24. Secret Management
Problem
- Credentials, API keys, and other secrets must be stored securely, not hardcoded or committed to version control.
- Rotating secrets without downtime is often challenging if they’re embedded across multiple services.
Solution Approaches
- Vaults (e.g., HashiCorp Vault): Central secure storage and dynamic secret generation (short-lived tokens).
- Kubernetes Secrets: Encrypted at rest; can be combined with external KMS for better security.
- Parameter Stores (AWS SSM Parameter Store, Azure Key Vault): Centralize configurations and secrets, enforce access policies.
25. Offline-First Applications
Problem
- Mobile or remote clients may lose connectivity. If the app fully depends on a live server, it becomes unusable offline.
- Sync conflicts when connectivity is restored can cause inconsistent data if not managed properly.
Solution Approaches
- Local Storage & Caching: Save user data locally (IndexedDB, SQLite) so the app can function offline.
- Conflict Resolution: Use versioning or last-write-wins; for more complex scenarios, implement merges or user prompts for conflicts.
- Background Sync: Upload changes and fetch updates once the device is back online, ideally in a seamless, queue-based approach.
26. Data Warehouse vs. Data Lake
Problem
- Large volumes of data from various sources need to be stored, processed, and analyzed. Traditional relational DBs become either too expensive or too rigid.

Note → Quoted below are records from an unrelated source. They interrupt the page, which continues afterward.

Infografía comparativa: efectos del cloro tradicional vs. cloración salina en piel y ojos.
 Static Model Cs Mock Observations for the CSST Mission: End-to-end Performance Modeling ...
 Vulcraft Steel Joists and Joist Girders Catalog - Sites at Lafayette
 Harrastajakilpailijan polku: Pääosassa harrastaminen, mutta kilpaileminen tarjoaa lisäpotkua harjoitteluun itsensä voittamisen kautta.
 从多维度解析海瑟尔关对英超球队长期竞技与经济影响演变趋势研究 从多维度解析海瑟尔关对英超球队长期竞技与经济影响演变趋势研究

- There’s a tradeoff between structured data (easy queries, predefined schema) and raw/unstructured data (flexibility).
Solution Approaches
- Data Warehouse (e.g., Snowflake, BigQuery, Redshift): Structured schema, optimized for fast analytics; best for well-defined use cases.
- Data Lake (e.g., Hadoop, S3-based lakes): Store raw data cheaply; schema-on-read approach. Flexible for data science exploration and machine learning.
- Hybrid “Lakehouse”: Combines cheap storage of a lake with warehousing capabilities (e.g., Databricks Delta Lake).
27. Streaming Data Pipelines
Problem
- High-volume event streams need near real-time processing (e.g., analytics, fraud detection, log aggregation).
- Batch processing (e.g., nightly jobs) can be too slow for real-time insights.
Solution Approaches
- Message Brokers (Kafka, Pulsar): Durable, high-throughput event pipelines; consumers can process data on the fly.
- Stream Processing Frameworks (Spark Streaming, Flink): Windowing, aggregations, and stateful computations at scale.
- Lambda Architecture: Combine a real-time stream layer (fast but approximate) with a batch layer (slower but exact).
28. Multi-Region Failover
Problem
- A single region or data center is a single point of failure. Outages, natural disasters, or network splits can take the entire system offline.
- Maintaining consistent data across regions is complex, especially for writes.
Solution Approaches
- Active-Passive: One region is primary; a secondary region stands by to take over if the primary fails (DNS or failover orchestration switch).
- Active-Active: Multiple regions serve traffic simultaneously, requiring advanced replication and conflict resolution.
- Latency-Based Routing: Some users automatically connect to their closest region; if that region fails, requests route to another.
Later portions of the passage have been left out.